System type and efficiency: high cost does not lead to high intelligence
The ranking further reveals the role of different AI system types in the ARC-AGI-2 Performance differences and serious efficiency issues on the
- CoT + Synthesis System (o3 (low), o1-pro) achieved the relatively highest AI scores (4.0% and 1.0%), but at a surprisingly high cost ($200 and $39 per task, respectively). This suggests that complex reasoning plus search strategies may be able to "squeeze" out a little bit of score, but it is extremely inefficient.
- Pure CoT systems Performance was mixed, with scores generally ranging from 1%-3% and costs ranging from a few cents to a few dollars. This seems to indicate that CoT alone is not sufficient to meet the challenge.
- Base LLM (Large Language Model) (GPT-4.5, Gemini 1.5 Pro, Claude 3.7, GPT-4o) were a debacle, with scores of 0% or close to it, which is a strong rebuttal to the idea that "size is everything," at least in the case of ARC-AGI This is true for the generalized fluid intelligence aspect measured.
- Customized systems (ARChitects, Icecuber) as ARC Prize 2024 the product of a very low cost (~$0.1-$0.2 per task) to achieve comparable or even slightly better results (2.5%, 1.6%) than other AI systems. This may suggest that targeted, lightweight algorithms or architectures may have more potential for solving such problems than large, generalized models, and highlights the value of open competitions and community innovation.
Crisis of efficiency: intelligence can't just be about scores
ARC Prize The inclusion of "cost/task" as a key metric in the rankings is significant. The data shows that even the best performing AI (o3 (low) get 4%), its cost per task ($200) is also more than ten times that of humans ($17 get 100%). While some low-cost models such as Gemini 2.0 FlashThis is in stark contrast to AI, which either scores very low, or is costly, or both, despite its extremely low cost ($0.004) and scores only 1.3%. Intelligence is not about getting the right answer at any cost; efficiency is an intrinsic property. Currently, AI has a very low score in ARC-AGI-2 The "capacity-cost" curve shown above undoubtedly reveals a profound "efficiency crisis".

Dataset Composition and Competition Details

ARC-AGI-2 Contains calibrated training and evaluation sets along the lines of pass@2 Scoring mechanism. Major changes include an increase in the number of tasks, removal of tasks that are vulnerable to brute force, difficulty calibration based on human testing, and the design of targeted new tasks.

ARC Prize 2025 Competition Launched: Million Dollar Reward for New Ideas

With this grim report card, theARC Prize 2025 The competition was held in Kaggle The platform is live (March 26-November 3) with a total prize pool of up to $1 million. The competition environment limits API usage and compute resources (~$50/submission) and mandates that winners open source their solutions. This further reinforces the need for efficiency and innovation.

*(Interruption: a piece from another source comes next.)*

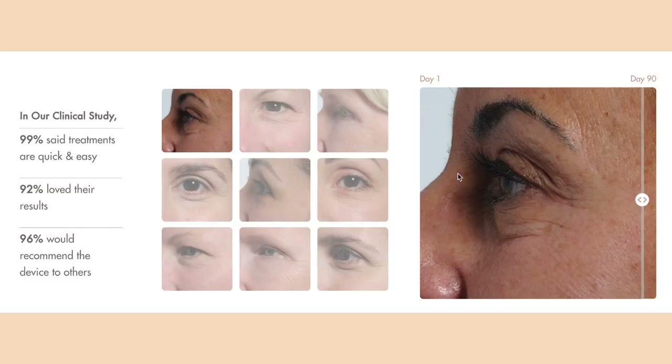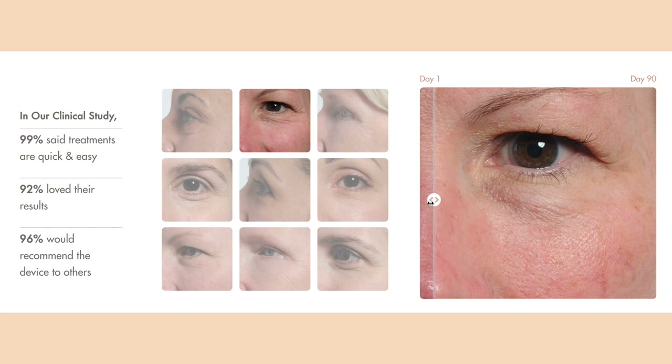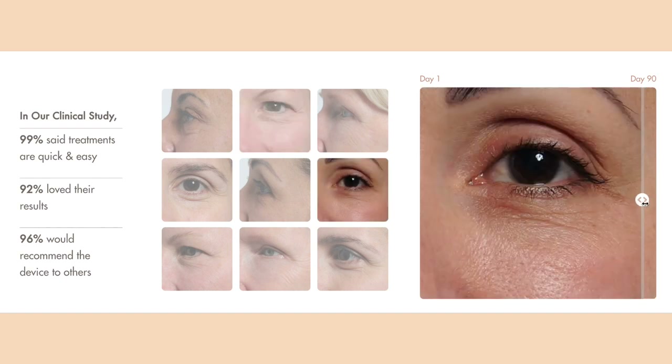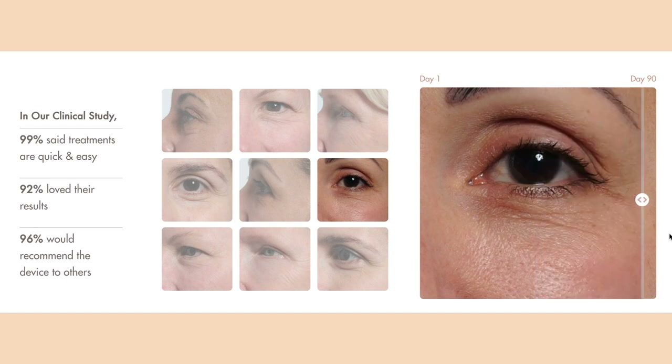By heating up some of the cells in the dermis with laser light, it causes the cells to have a limited amount of stress, which triggers them to release proteins. Triggering these proteins helps with the building blocks of the cells, the elasticity of the skin, and overall prevention and treatment of fine lines and wrinkles. Unlike topical skincare treatments, this targets the skin at the dermal layer, which topical products cannot do.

In comparison to 2024, the 2025 competition will be dominated byChange logIncluding: the use of ARC-AGI-2 dataset, a new leaderboard reporting mechanism, enhanced open source requirements, doubling of computational resources, and additional anti-overfitting measures.

Conclusion: A new paradigm is urgently needed for real breakthroughs

ARC-AGI-2 The leaderboard data is like a mirror that clearly reflects the limitations of current AI in terms of generalized reasoning and efficiency. It reminds us that the road to AGI is far from straight, and that simply scaling up models or increasing computational resources may not be enough to cross the chasm in front of us. Real breakthroughs may require new ideas, different architectures, and perhaps even innovators from outside the big labs.ARC Prize 2025 It is such a platform that calls for a new paradigm.